WHAT NEEDS TO BE DONE »
Below are lines of data; restate word for word those running from the line containing "Appartamento Peter'S House" to the line containing "Cho thuê Nhà", inclusive, and no others.

RECORDED DATA »
↓

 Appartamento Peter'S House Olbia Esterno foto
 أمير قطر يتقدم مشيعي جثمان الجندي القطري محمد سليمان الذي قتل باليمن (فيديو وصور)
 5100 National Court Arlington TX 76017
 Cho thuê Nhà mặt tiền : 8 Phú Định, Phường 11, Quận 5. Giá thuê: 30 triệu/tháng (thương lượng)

↑
↓

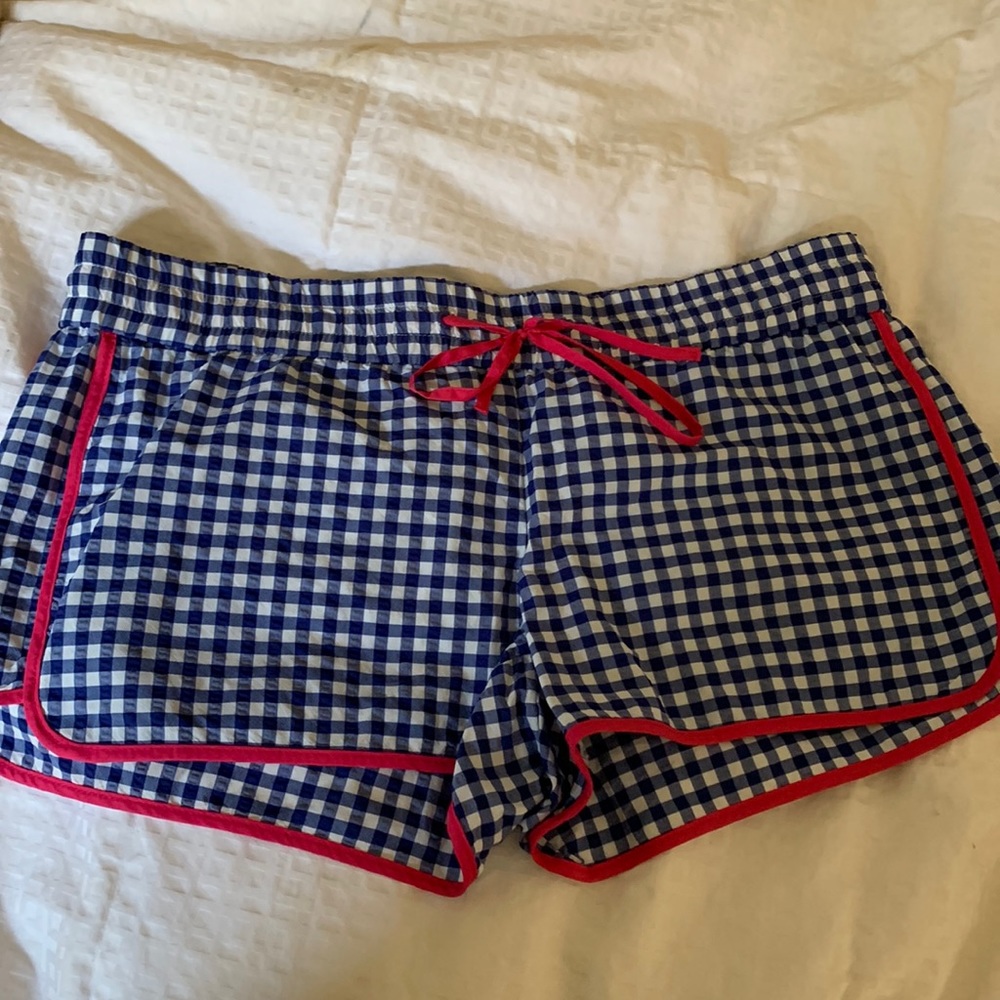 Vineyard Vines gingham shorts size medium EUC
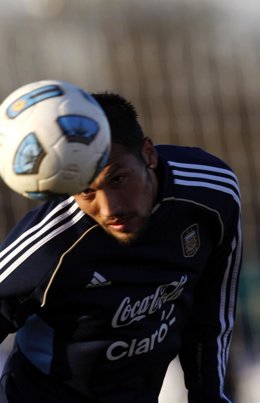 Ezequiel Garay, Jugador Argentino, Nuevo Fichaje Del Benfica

↑
↓

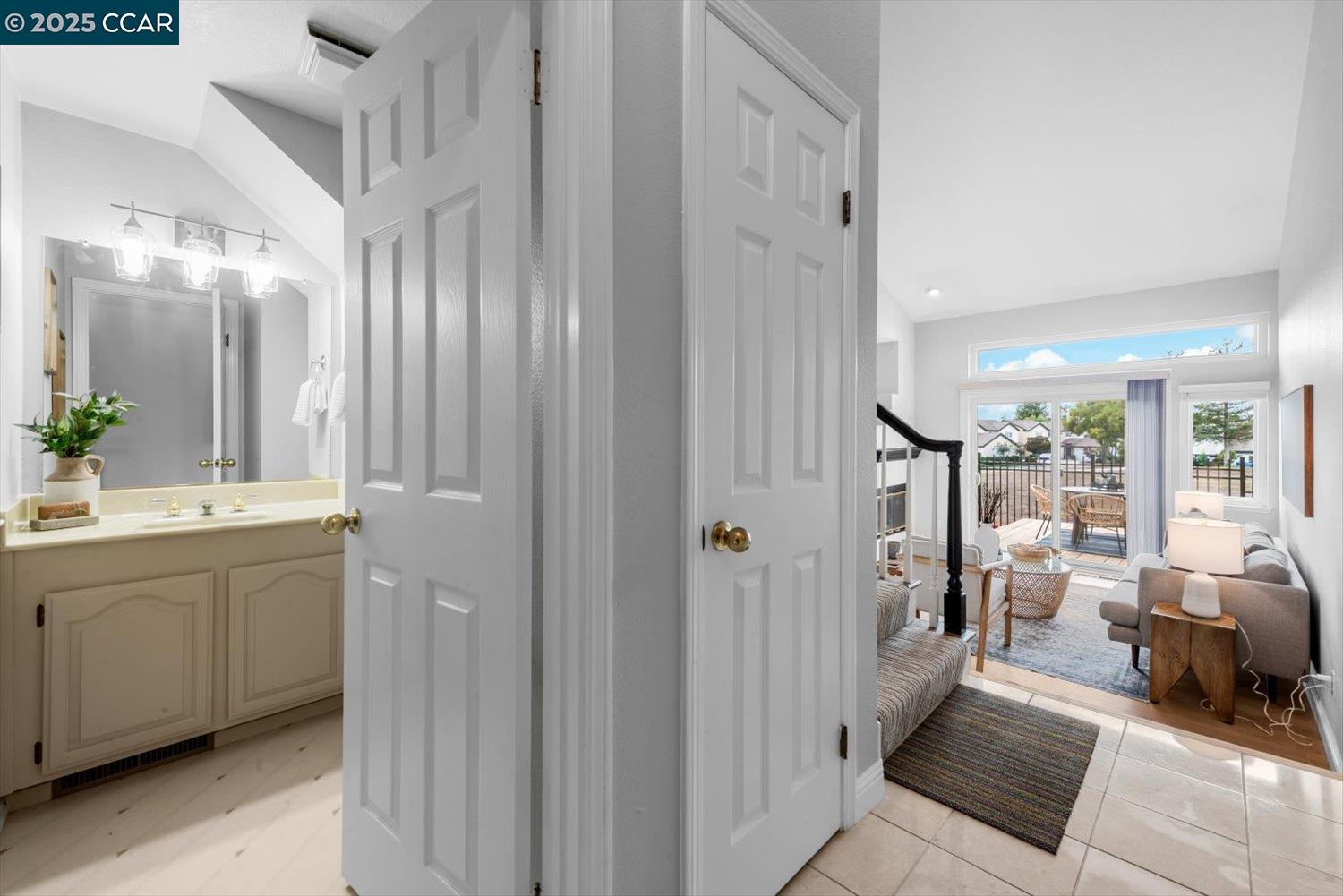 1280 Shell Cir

↑

RESPONSE »
 Appartamento Peter'S House Olbia Esterno foto
 أمير قطر يتقدم مشيعي جثمان الجندي القطري محمد سليمان الذي قتل باليمن (فيديو وصور)
 5100 National Court Arlington TX 76017
 Cho thuê Nhà mặt tiền : 8 Phú Định, Phường 11, Quận 5. Giá thuê: 30 triệu/tháng (thương lượng)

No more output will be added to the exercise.